# Exercise requirements:
Only the lines from the one containing "top 11 recruitment agencies in the us n.w" through the end of the material are to be echoed, each exactly as it appears.

====== Supplied records

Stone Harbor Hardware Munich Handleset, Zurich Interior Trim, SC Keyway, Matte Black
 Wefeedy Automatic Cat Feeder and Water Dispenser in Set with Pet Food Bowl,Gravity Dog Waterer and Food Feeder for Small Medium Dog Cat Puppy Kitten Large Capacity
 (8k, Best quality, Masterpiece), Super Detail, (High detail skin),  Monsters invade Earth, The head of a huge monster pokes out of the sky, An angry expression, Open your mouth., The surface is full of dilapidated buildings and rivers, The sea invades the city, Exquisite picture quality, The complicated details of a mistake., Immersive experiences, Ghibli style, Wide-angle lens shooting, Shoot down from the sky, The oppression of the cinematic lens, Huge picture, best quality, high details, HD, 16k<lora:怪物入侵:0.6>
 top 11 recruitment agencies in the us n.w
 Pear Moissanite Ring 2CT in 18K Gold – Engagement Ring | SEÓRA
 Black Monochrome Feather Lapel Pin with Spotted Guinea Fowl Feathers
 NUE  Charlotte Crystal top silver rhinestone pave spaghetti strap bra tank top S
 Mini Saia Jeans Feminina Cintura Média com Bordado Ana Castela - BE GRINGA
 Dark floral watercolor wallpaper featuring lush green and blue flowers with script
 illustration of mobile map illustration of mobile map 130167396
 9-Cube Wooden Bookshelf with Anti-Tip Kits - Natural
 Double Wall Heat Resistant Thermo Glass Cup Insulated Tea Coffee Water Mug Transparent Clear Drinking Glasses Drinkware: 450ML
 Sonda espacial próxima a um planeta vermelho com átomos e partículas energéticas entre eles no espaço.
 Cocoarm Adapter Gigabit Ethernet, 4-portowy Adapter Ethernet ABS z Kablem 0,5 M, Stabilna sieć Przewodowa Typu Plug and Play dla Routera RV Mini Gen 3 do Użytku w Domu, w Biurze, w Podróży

============

# Written answer:
 top 11 recruitment agencies in the us n.w
 Pear Moissanite Ring 2CT in 18K Gold – Engagement Ring | SEÓRA
 Black Monochrome Feather Lapel Pin with Spotted Guinea Fowl Feathers
 NUE  Charlotte Crystal top silver rhinestone pave spaghetti strap bra tank top S
 Mini Saia Jeans Feminina Cintura Média com Bordado Ana Castela - BE GRINGA
 Dark floral watercolor wallpaper featuring lush green and blue flowers with script
 illustration of mobile map illustration of mobile map 130167396
 9-Cube Wooden Bookshelf with Anti-Tip Kits - Natural
 Double Wall Heat Resistant Thermo Glass Cup Insulated Tea Coffee Water Mug Transparent Clear Drinking Glasses Drinkware: 450ML
 Sonda espacial próxima a um planeta vermelho com átomos e partículas energéticas entre eles no espaço.
 Cocoarm Adapter Gigabit Ethernet, 4-portowy Adapter Ethernet ABS z Kablem 0,5 M, Stabilna sieć Przewodowa Typu Plug and Play dla Routera RV Mini Gen 3 do Użytku w Domu, w Biurze, w Podróży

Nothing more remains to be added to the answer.